__Exercise objective__. Reproduced exactly, the lines from the start of the material through the line containing "2018 Toyota Land" should be the whole answer, with pictures excluded.

__Records for this exercise__.
* * * * * * *

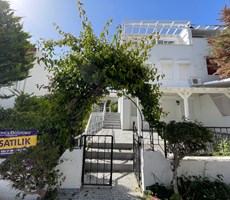 BODRUM AKYARLAR’DA ÖZEL PLAJLI PRESTİJLİ TEK SİTESİNDE MANZARALI 3+1 VİLLA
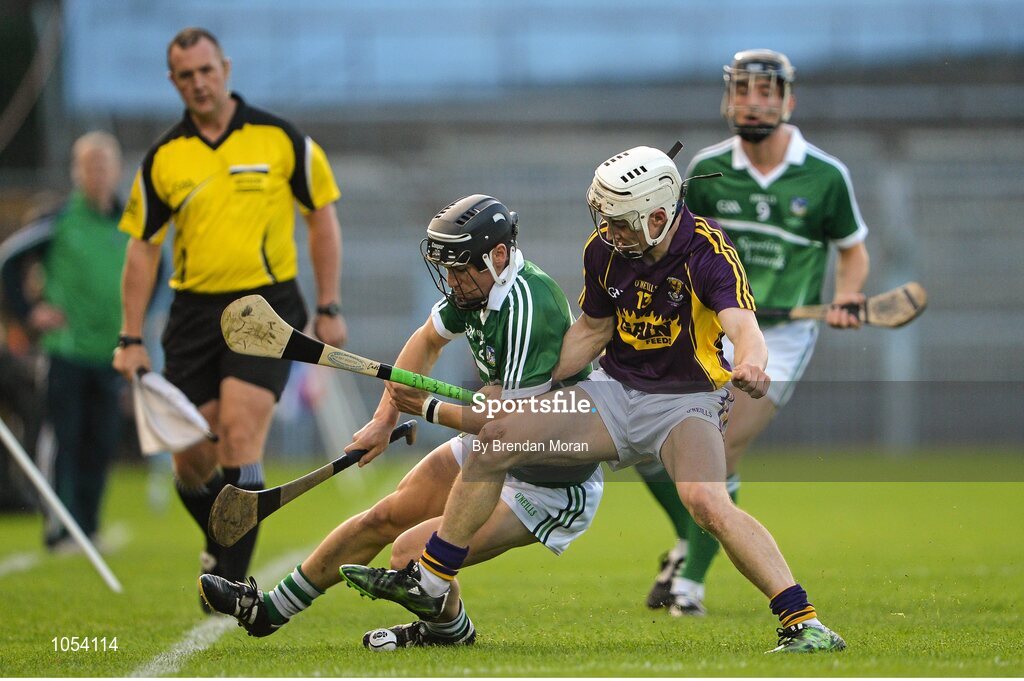 12 September 2015; Seán Finn, Limerick, in action against Cathal Dunbar, Wexford. Bord Gais Energy GAA Hurling All-Ireland U21 Championship Final, Limerick v Wexford, Semple Stadium, Thurles, Co. Tipperary. Picture credit: Brendan Moran / SPORTSFILE
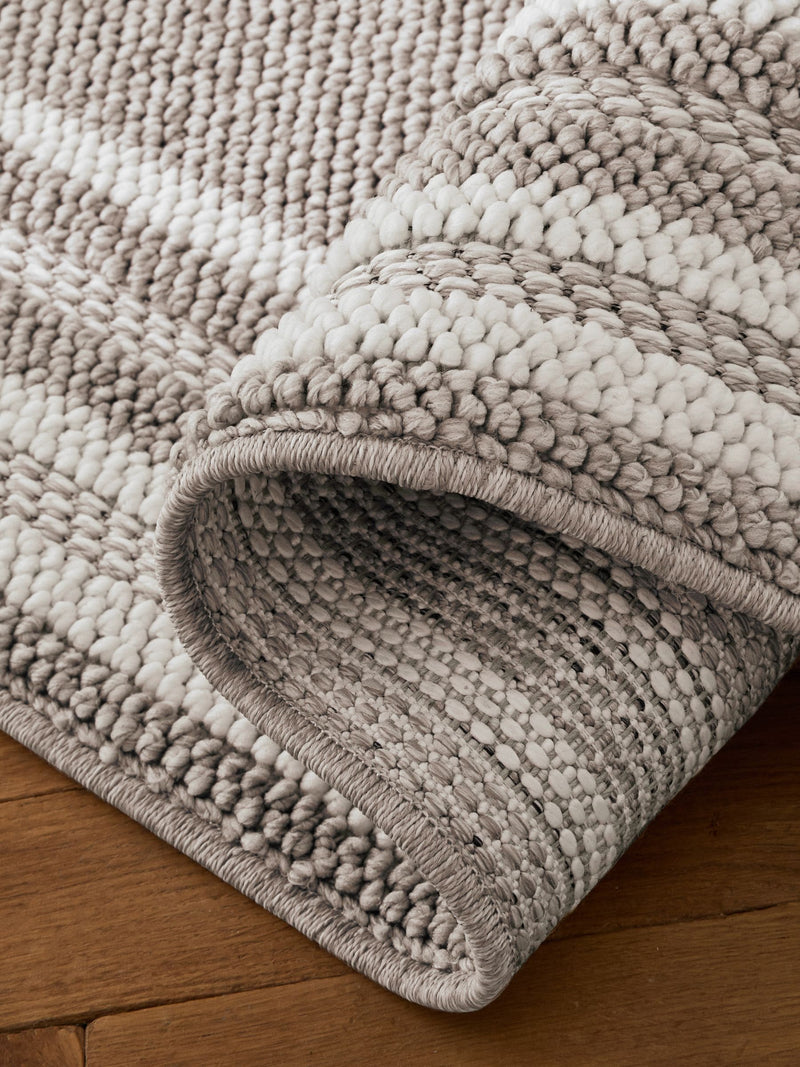 Natural Albie Bobble Border Runner rug - British product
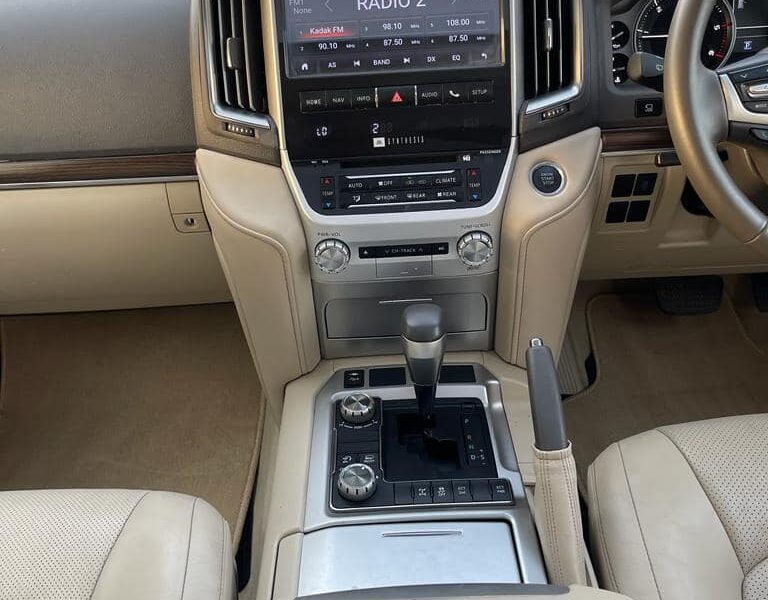 2018 Toyota Land Cruiser VX 200 Series 4.5L V8 Twin Turbo Diesel Engine Black Beige SUV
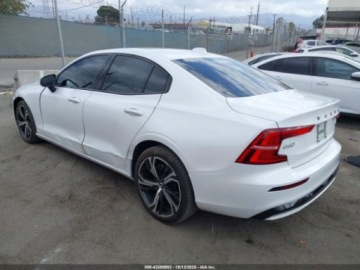 Volvo S60 III 2024 Volvo S60 B5 Core Dark Theme 2024 2.0L 2.0 Benzyna 247KM, zdjęcie 3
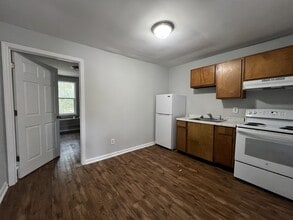 2413 S Fraser St, Unit 1 Bedroom in Georgetown, SC - Building Photo - Building Photo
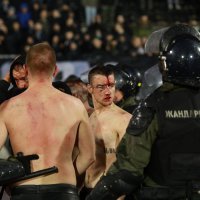 Huliganske scene na derbiju Partizana i Zvezde (3)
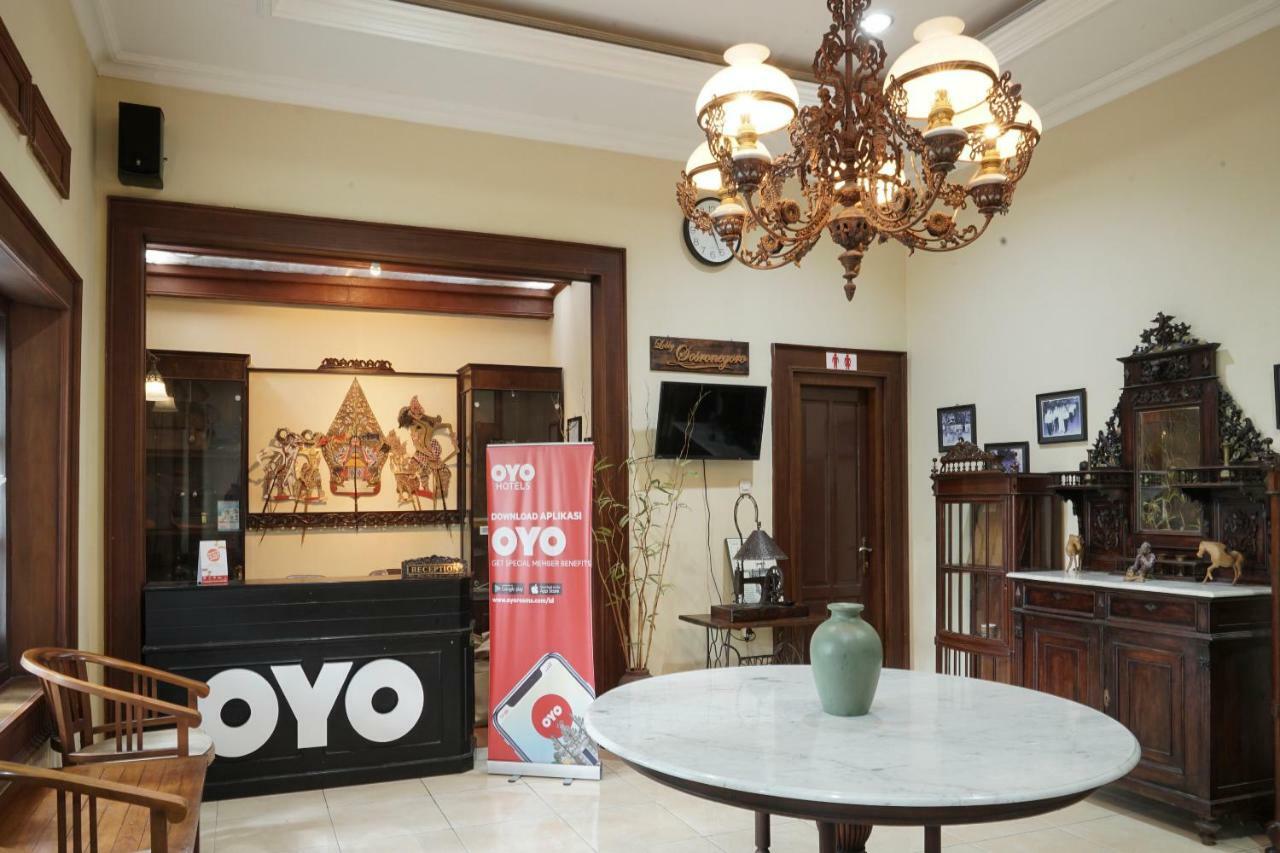 OYO 804 Ndalem Maharani Guest House Yogyakarta Bagian luar foto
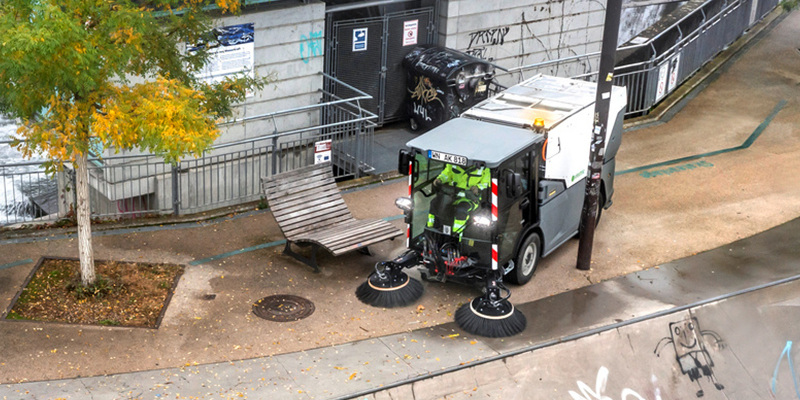 Toujours sur la bonne voie - Balayeuse aspiratrice électrique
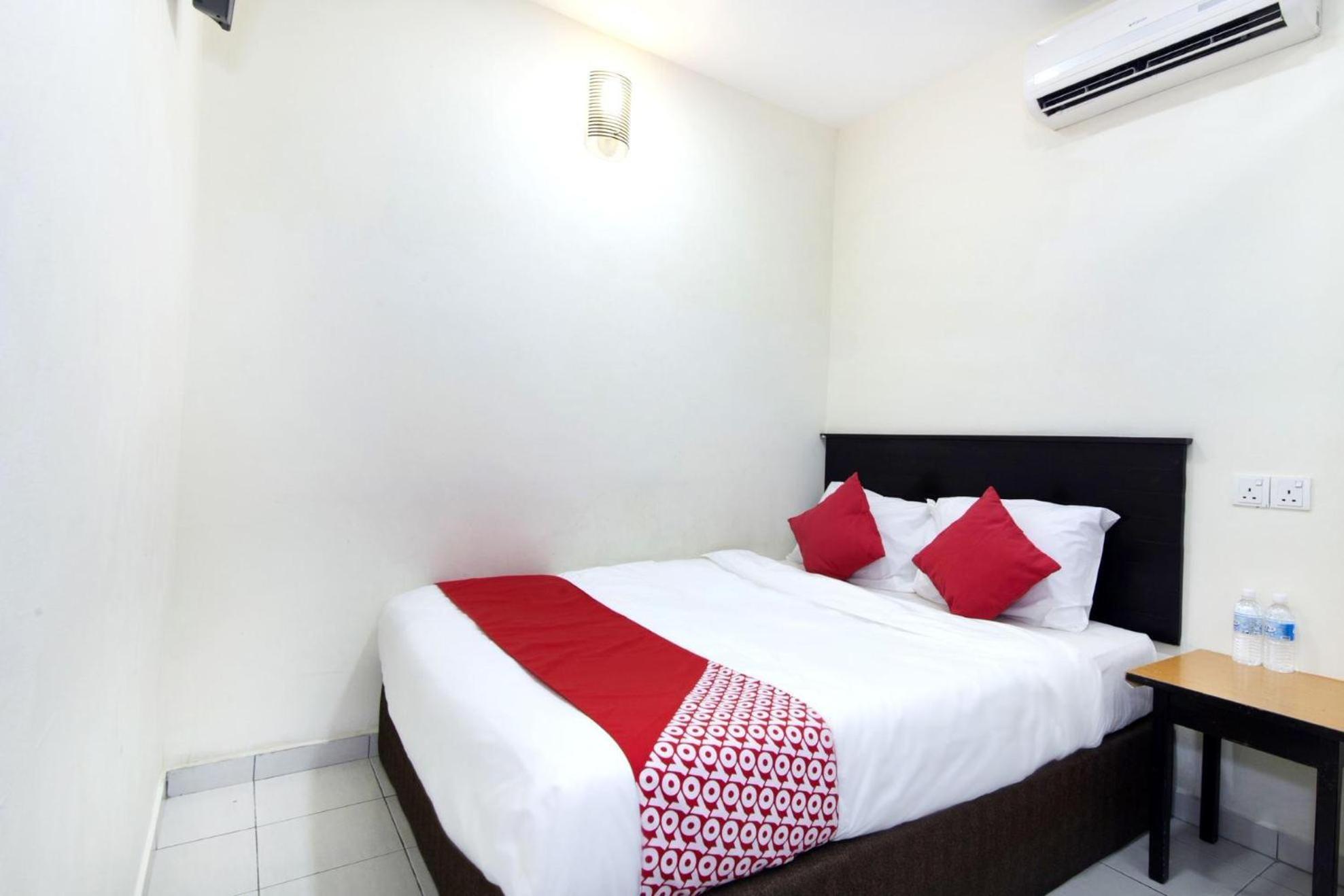 OYO 474 Hotel 91 Kajang Exterior foto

* * * * * * *

__Task solution__.
 BODRUM AKYARLAR’DA ÖZEL PLAJLI PRESTİJLİ TEK SİTESİNDE MANZARALI 3+1 VİLLA
 12 September 2015; Seán Finn, Limerick, in action against Cathal Dunbar, Wexford. Bord Gais Energy GAA Hurling All-Ireland U21 Championship Final, Limerick v Wexford, Semple Stadium, Thurles, Co. Tipperary. Picture credit: Brendan Moran / SPORTSFILE
 Natural Albie Bobble Border Runner rug - British product
 2018 Toyota Land Cruiser VX 200 Series 4.5L V8 Twin Turbo Diesel Engine Black Beige SUV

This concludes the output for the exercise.